When I make veal vs. beef steak from kosher meat, it consistently seems to me that the veal is significantly more salty.

The steak isn't salted by me at all (aside from whatever saltiness remains from koshering process).

The difference persists between different methods (grilling in a stove pan vs. in convection oven).

The steaks (shoulder) are sourced from the same supermarket and to the best of my knowledge are sourced from the same producer by them.

Is this difference in saltiness something expected (or just in my head) and if so, why?
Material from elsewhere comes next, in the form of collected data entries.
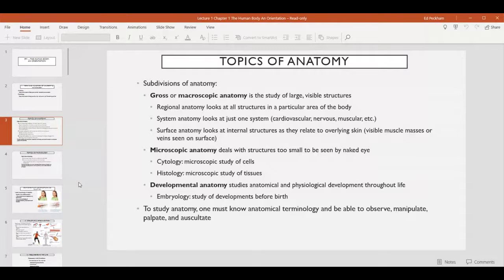You can also look at anatomy from a systemic vantage point. Systemic anatomy looks at a single system in the body. There are many systems we'll be discussing, including the cardiovascular system, the nervous system, and the muscular system. These are not isolated to a particular region of the body — they're spread throughout the body but work with other systems in those various regions. For instance, the cardiovascular system spans the entire body but doesn't make up the entire structure of the body; it's just one system.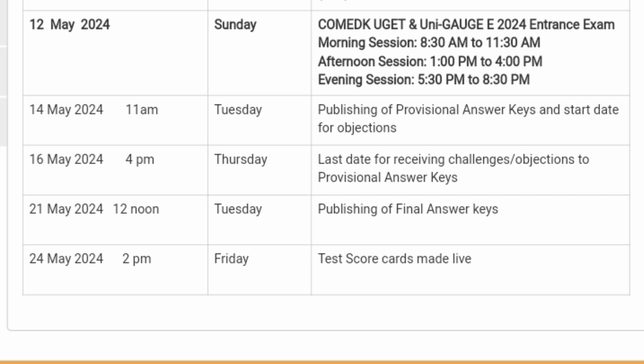The next step will be counseling, which will include document verification. Every student will be required to submit the necessary documents as requested by the committee authority. A list of required documents will be provided in the next video so you can prepare in advance and have them ready during the counseling time.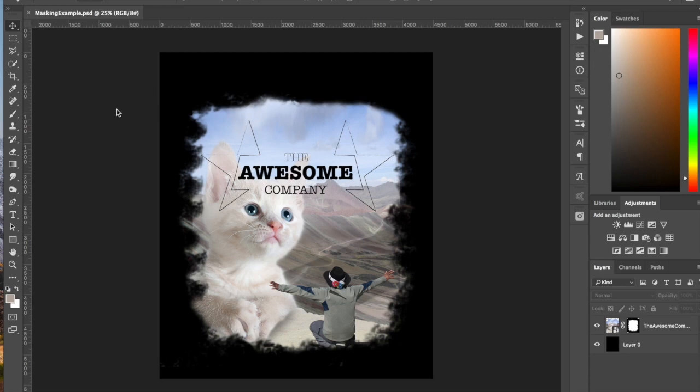We spoke with Johnny, who is our contact at The Awesome Company. Him and his crew looked at it and they said they love the cat. They love the way we cropped out the cat and stuck him in the image.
The steaks aren't rinsed (either one).

  • Is the veal saltier than you would like?
    – Jolenealaska
    Jun 26, 2016 at 3:44
  • @Jolenealaska - not really. The question is more driven by curiousity about encountering something I didn't expect at all.
    – DVK
    Jun 26, 2016 at 3:47
  • I don't know how much you know about the process, but I learned quite a bit from this: oukosher.org/the-kosher-primer. I found several recipes that specifically call for kosher veal to be rinsed by the cook, even though kosher meat is always rinsed as a part of the process. Also, are the beef steaks bigger than the veal?
    – Jolenealaska
    Jun 26, 2016 at 3:50
  • @Jolenealaska - same size
    – DVK
    Jun 26, 2016 at 13:01

1 Answer 1


As a calf ages and matures into a cow, the structure, texture, and taste of the meat changes. Veal will naturally have a milder flavor and finer texture than beef.

The younger the calf, the less developed and dense the muscle structure will be. The less dense the muscle structure is, the more the flavor will penetrate the meat.

So, even in the same process, veal should pick up more of the flavor than beef would.

Also, because the flavor of veal is much milder, it would stand to reason that salt (or any other flavors) would stand out more prominently.